Distributed ledger technology offers insurers the potential to become more efficient, create new business models and launch innovative products. But can the so-called ‘Internet of finance’ live up to the hype?
Distributed ledger technology (DLT), also known as blockchain, is one of those types of innovation that appear to offer companies huge potential to operate more efficiently and serve customers better, but is not quite developed enough to do so. For that reason, the insurance industry has exercised understandable caution in assessing the technology’s utility. “The problem with that approach,” says Julian Miller, Partner at DAC Beachcroft, “is that companies that wait too long may end up missing the boat.”
Distributed ledgers are shared databases comprising digital lists of transaction records. Their unique characteristic is that identical copies of the ledger are ‘distributed’ among multiple hosts, who validate transactions written as ‘blocks’ through a consensus process. Once validated, blocks are secured by a cryptographic ‘hash’, or fixed-size alphanumeric string, which allows hosts to verify input data but stops anybody from reconstructing data.
Conceptually, cryptographic distributed ledgers are similar to peer-to-peer payment networks or lending platforms, in which the intermediary is redundant and replaced by technology.
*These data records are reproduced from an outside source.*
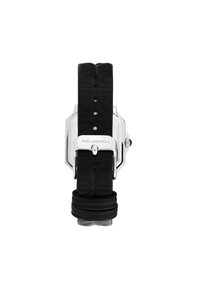 Cinturino in pelle nera con motivo testurizzato, hardware argentato, cassa ottagonale e nome del marchio inciso sulla chiusura.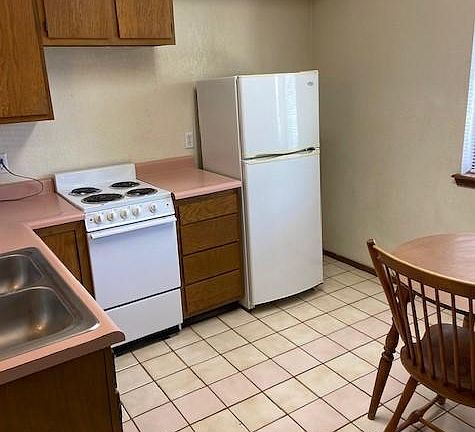 3rd image of 2560 S Espina St #2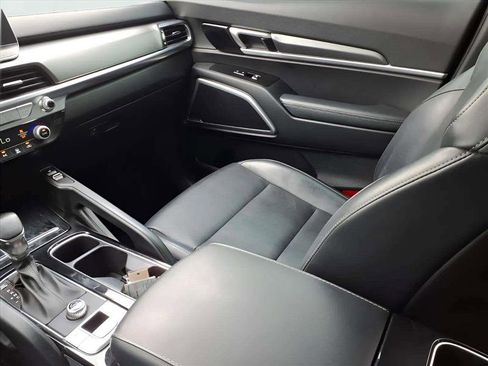 Used 2022 Kia Telluride S image 13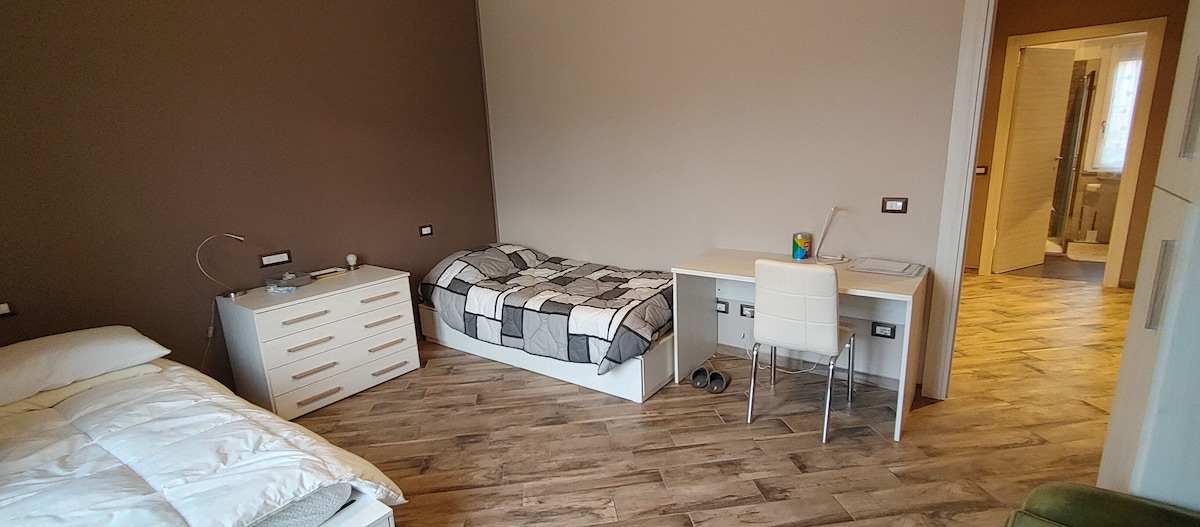 חדר זוגי עם אפשרות לחלק את המיטות לשני רווקים על פי בקשה 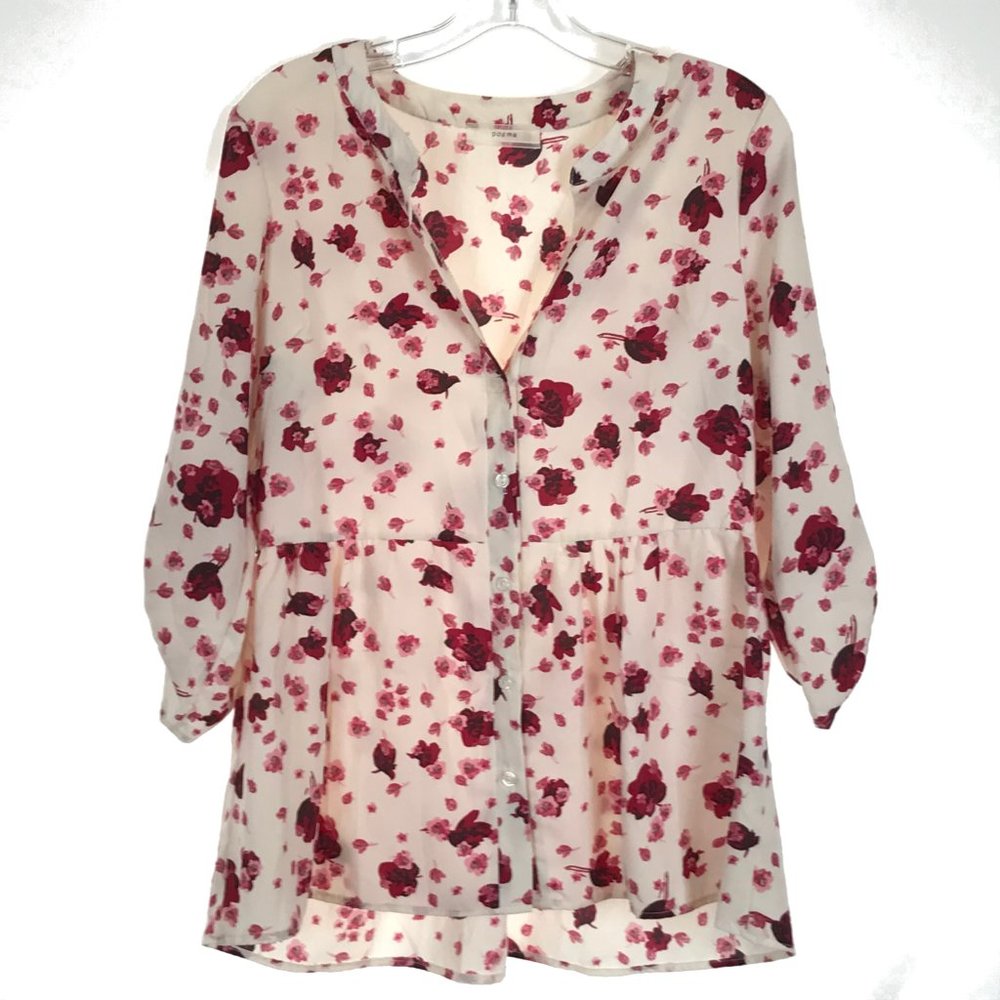 😀 3 for $20 NWT Poema Button Front Floral Top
Transactions can be executed instantaneously and directly between contractors, creating an immutable shared record and theoretically eliminating settlement risk and reconciliation risk from the system. The ledger also minimises fraud by enabling asset provenance and transaction history to be established within a ‘single source of truth’.
As with any apparently disruptive technology, the development of blockchain has been accompanied by a significant amount of hype. Almost every large financial institution has paid lip service to its potential and many have put money to work in innovations labs, start-ups or ‘sandboxes’, in which developers are invited to try out software in a secure environment. Even the Bank of England has one.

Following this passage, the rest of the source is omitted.